* **Instructions for the task**
What you write must match the records exactly, except for the images, which are left out.

++++ Records to use ++++

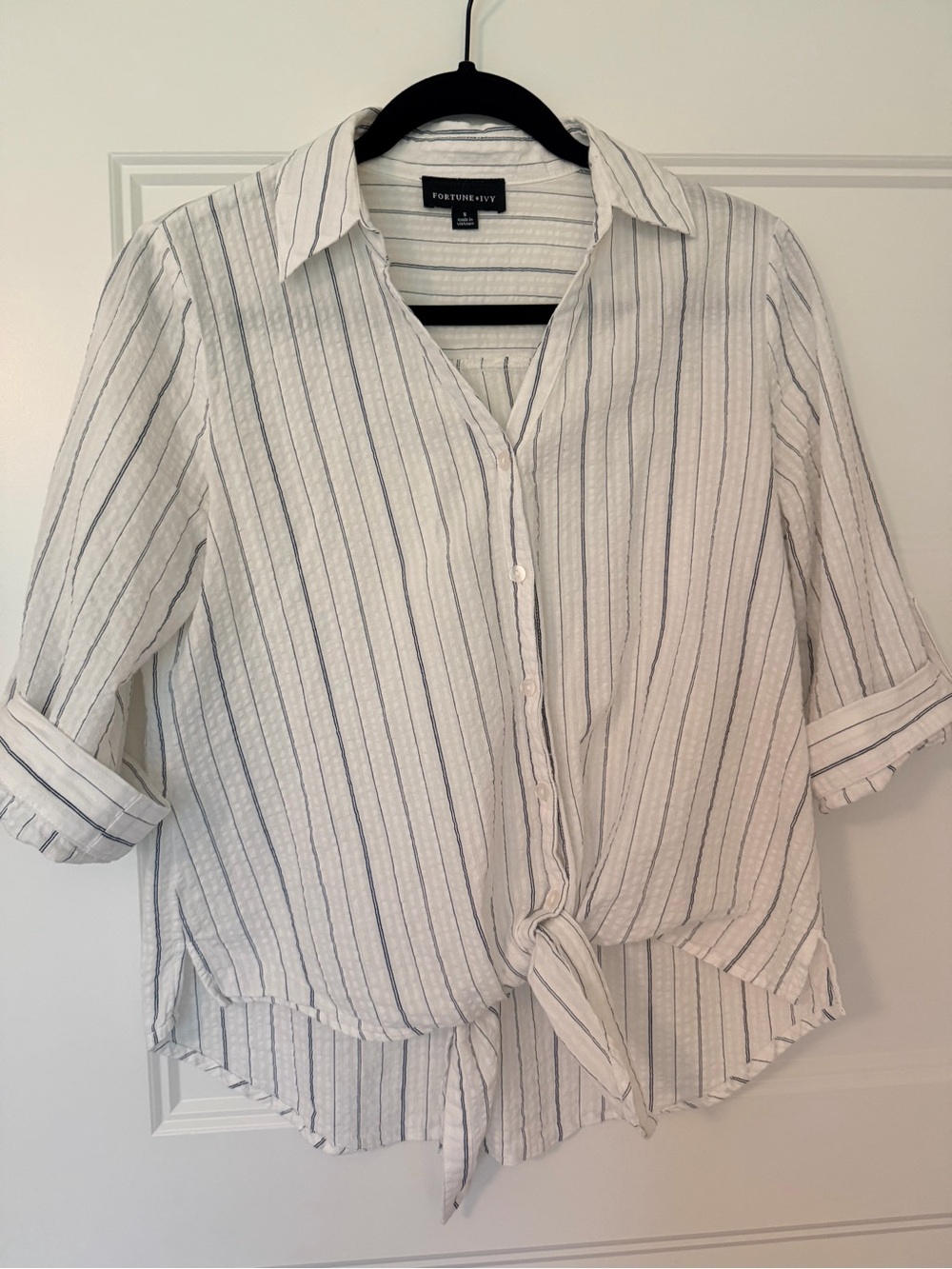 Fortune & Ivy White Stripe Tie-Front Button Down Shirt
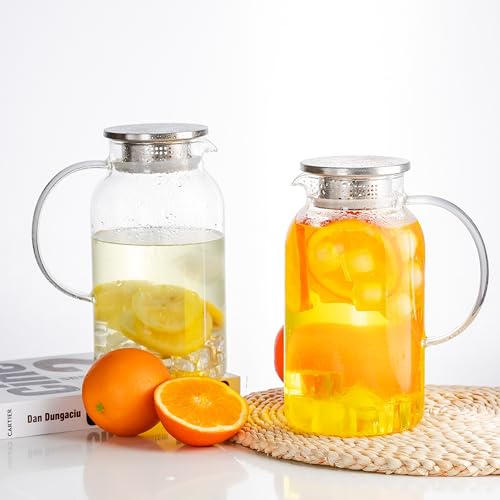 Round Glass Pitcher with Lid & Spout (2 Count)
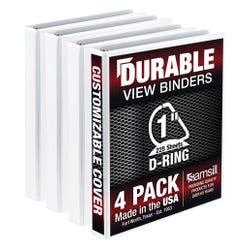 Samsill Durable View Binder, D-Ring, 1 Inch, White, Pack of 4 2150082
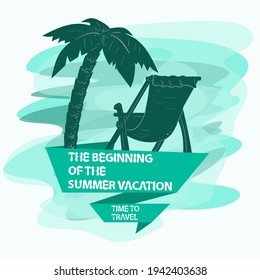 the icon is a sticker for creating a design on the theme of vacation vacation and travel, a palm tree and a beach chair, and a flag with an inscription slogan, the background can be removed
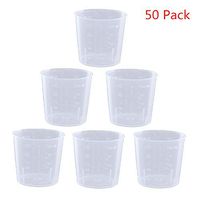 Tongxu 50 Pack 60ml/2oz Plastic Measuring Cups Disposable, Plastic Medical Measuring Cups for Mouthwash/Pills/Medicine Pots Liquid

++++

* **Exercise result**
 Fortune & Ivy White Stripe Tie-Front Button Down Shirt
 Round Glass Pitcher with Lid & Spout (2 Count)
 Samsill Durable View Binder, D-Ring, 1 Inch, White, Pack of 4 2150082
 the icon is a sticker for creating a design on the theme of vacation vacation and travel, a palm tree and a beach chair, and a flag with an inscription slogan, the background can be removed
 Tongxu 50 Pack 60ml/2oz Plastic Measuring Cups Disposable, Plastic Medical Measuring Cups for Mouthwash/Pills/Medicine Pots Liquid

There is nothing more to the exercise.